Hemos oído el sermón del monte; quizás lo hemos entendido. ¿Pero quién lo ha entendido rectamente? Jesús responde por último a esta pregunta. Jesús no deja que sus oyentes se marchen con toda tranquilidad; no quiere que hagan de sus palabras lo que les guste, no quiere que saquen de ellas lo que les parece válido para sus vidas, ni que examinen la forma en que esta doctrina se relaciona con la «realidad». Jesús no da su palabra con liberalidad para que sus oyentes la profanen con sus manos de mercachifles; sólo la da con la condición de que conserve un poder exclusivo sobre ellos. Desde un punto de vista humano, existen innumerables posibilida­des de entender e interpretar el sermón del monte. Pero Jesús úni­camente conoce una: ir y obedecer. No se trata de interpretar, de aplicar, sino de actuar, de obedecer. Sólo de esta forma se escucha la palabra de Jesús. Pero insistamos: no se trata de hablar sobre la acción como de una posibilidad ideal, sino de comenzar a actuar realmente.

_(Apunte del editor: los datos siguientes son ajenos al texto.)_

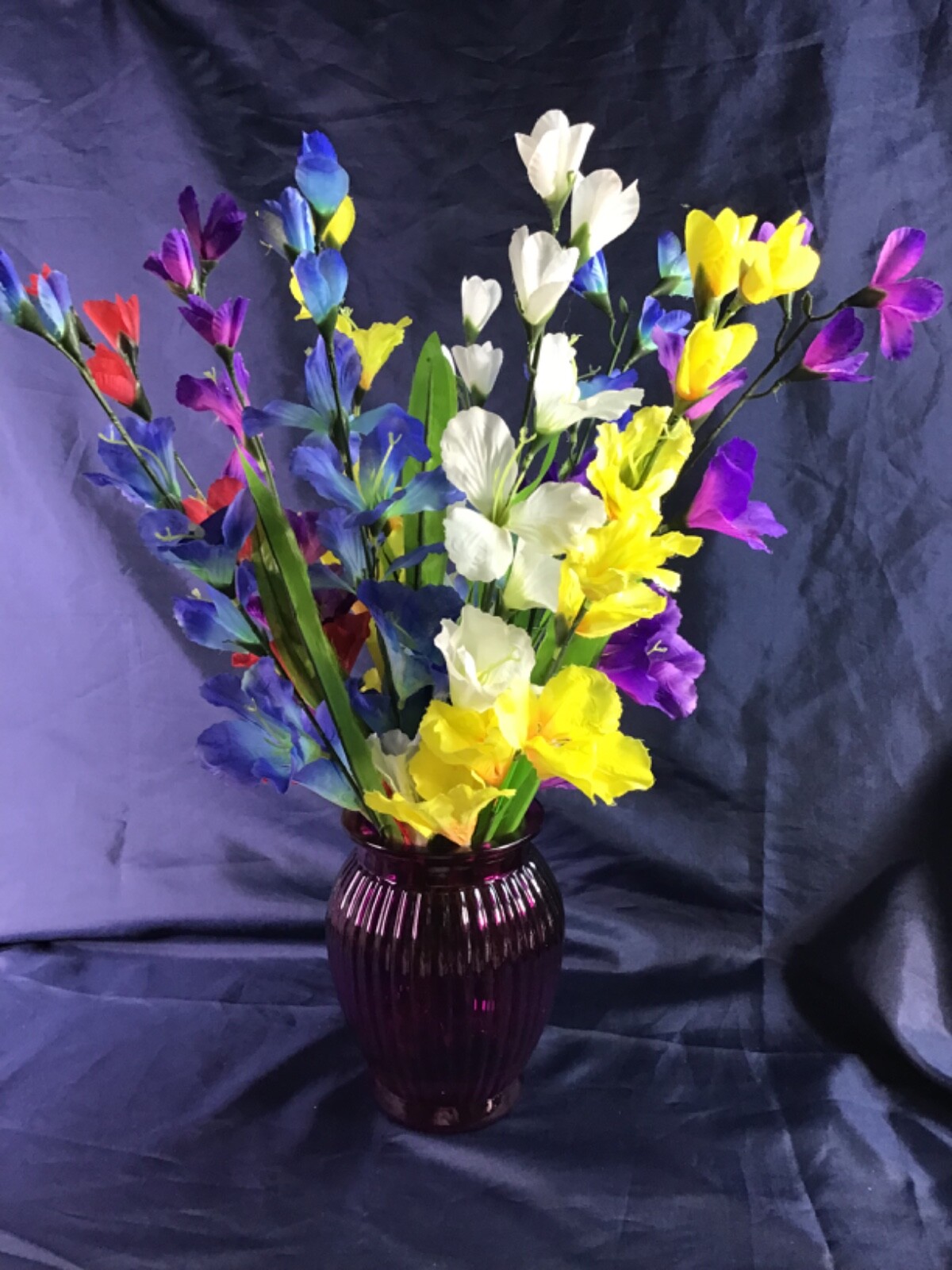 Glorious Multicolor Gladiolus Large Magenta Vase Flower Arrangement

Esta palabra, a la que doy derecho sobre mi persona, esta pala­bra que procede del «yo te conocí», que me sitúa inmediatamente en la acción, en la obediencia, es la roca sobre la que puedo cons­truir una casa. A esta palabra de Jesús, procedente de la eternidad, sólo corresponde el acto más sencillo. Jesús ha hablado; suya es la palabra, nuestra la obediencia. Sólo en la acción conserva la palabra de Jesús su honra, su fuerza y su poder entre nosotros. Ahora puede venir la tormenta sobre la casa; la unión con Jesús, creada por su palabra, no puede ser destruida.

Junto a la acción sólo existe la falta de acción. Pero no existe una voluntad de actuar que no haga nada. Quien entra en contac­to con la palabra de Jesús de cualquier forma menos con la ac­ción, no da la razón a Jesús, dice «no» al sermón del monte, no guarda su palabra. Preguntar, problematizar, interpretar, es igual que no hacer nada. Pensemos en el joven rico y en el doctor de la ley de Le 10.

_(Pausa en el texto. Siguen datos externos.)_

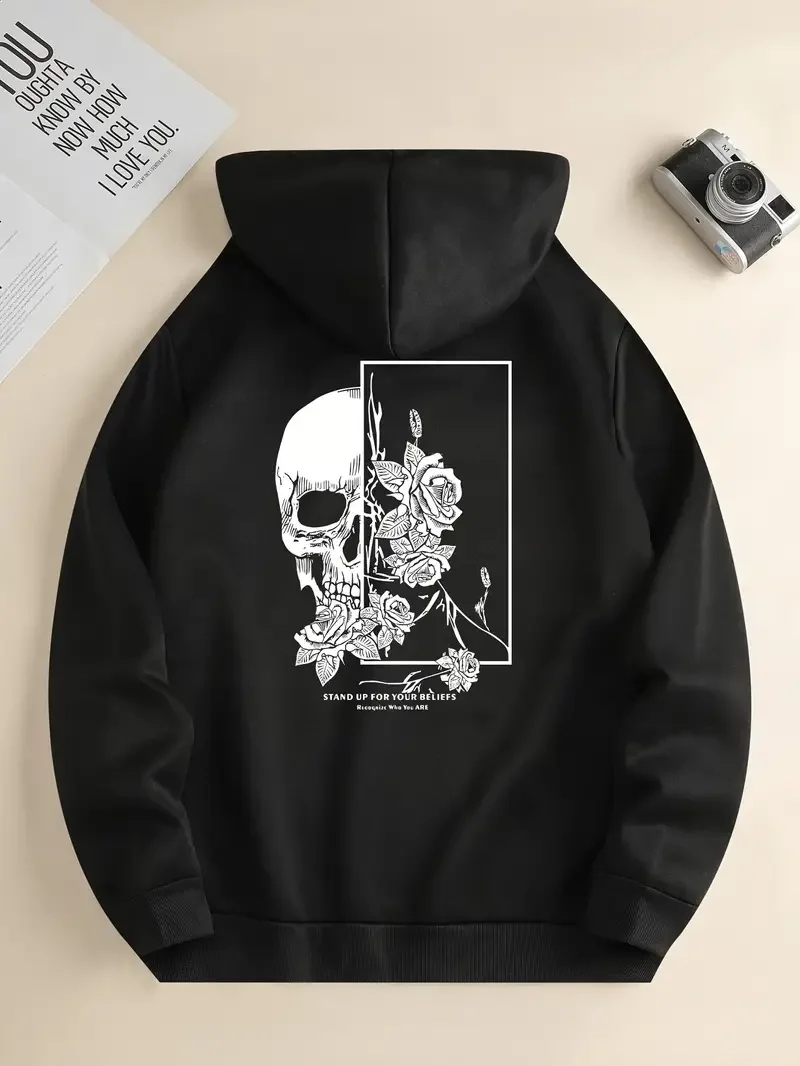 New men's high quality hooded sweatshirts, creative printed men's streetwear, Y2K clothing, men's thermal sweatshirts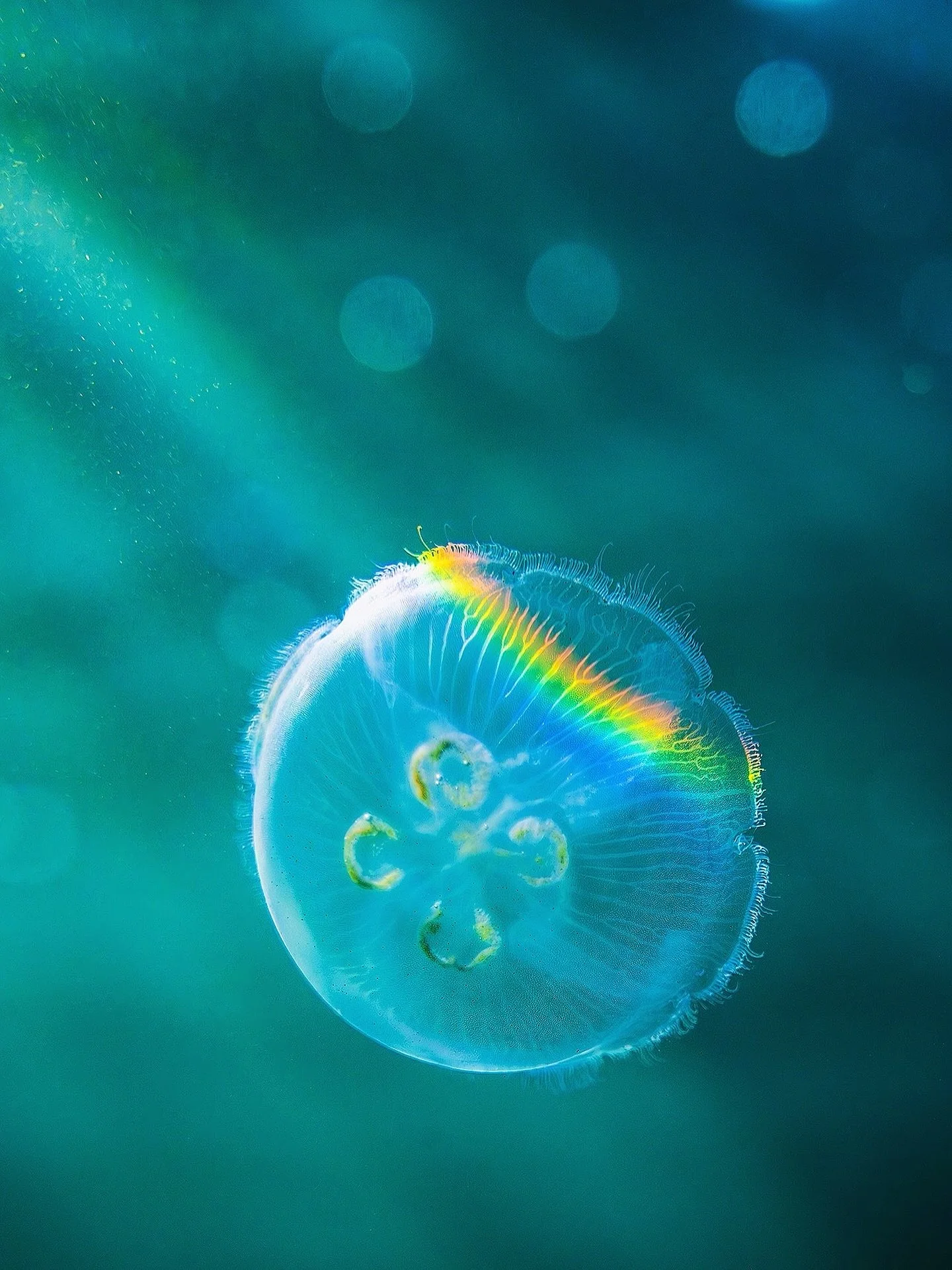 Day 5 of @sonyalpha.anz #Sony12DaysOfGMasterDay5

My little jelly floating of Cabbage Tree Bay with a shard of light piercing through the water surface and causing a colourful rainbow on its bell. 

Shot with a Sony A1
Sony 16-35mm f4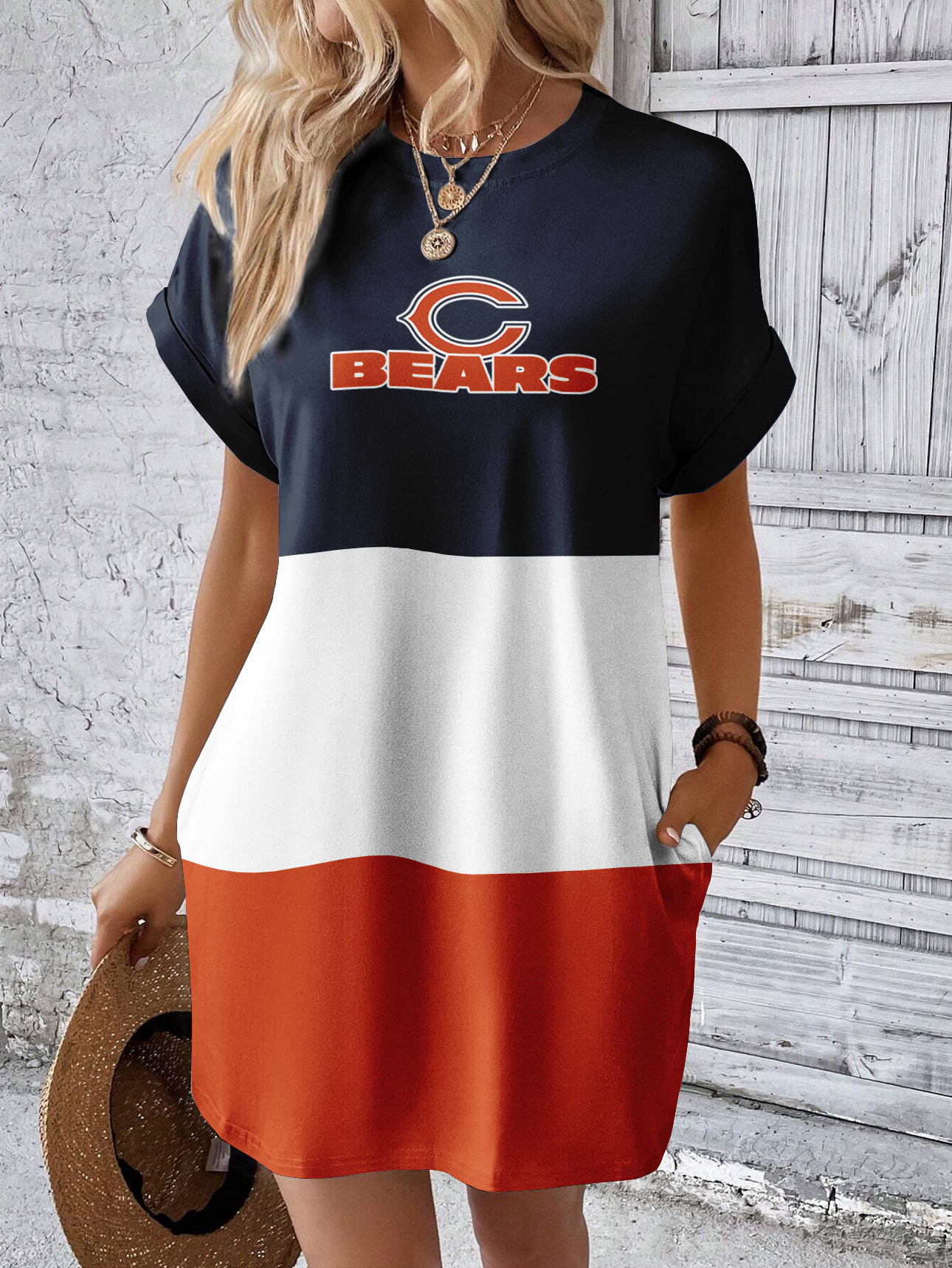 Chicago Bears Solid Hidden Pocket Batwing Sleeve Tee Dress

Por mucho que afirmase mi fe, mi asentimiento fundamental a esta palabra, Jesús dice que esto es no hacer nada. La palabra que no quiero poner en práctica no es para mí una roca sobre la que puedo edificar una casa. No hay unión con Cristo. Nunca me co­noció. Por eso ahora, cuando llegue la tormenta, perderé rápida­mente la palabra, advertiré que, en realidad, nunca he creído. Yo no tenía la palabra de Cristo, sino una palabra que le había arrancado y que había hecho mía mientras reflexionaba sobre ella, aunque sin cumplirla. Mi casa está ahora en completa ruina porque no descan­sa sobre la palabra de Cristo.

«La gente quedó asombrada…». ¿Qué había pasado? El Hijo de Dios había hablado. Había tomado en sus manos el juicio del mundo. Y sus discípulos se encontraban a su lado.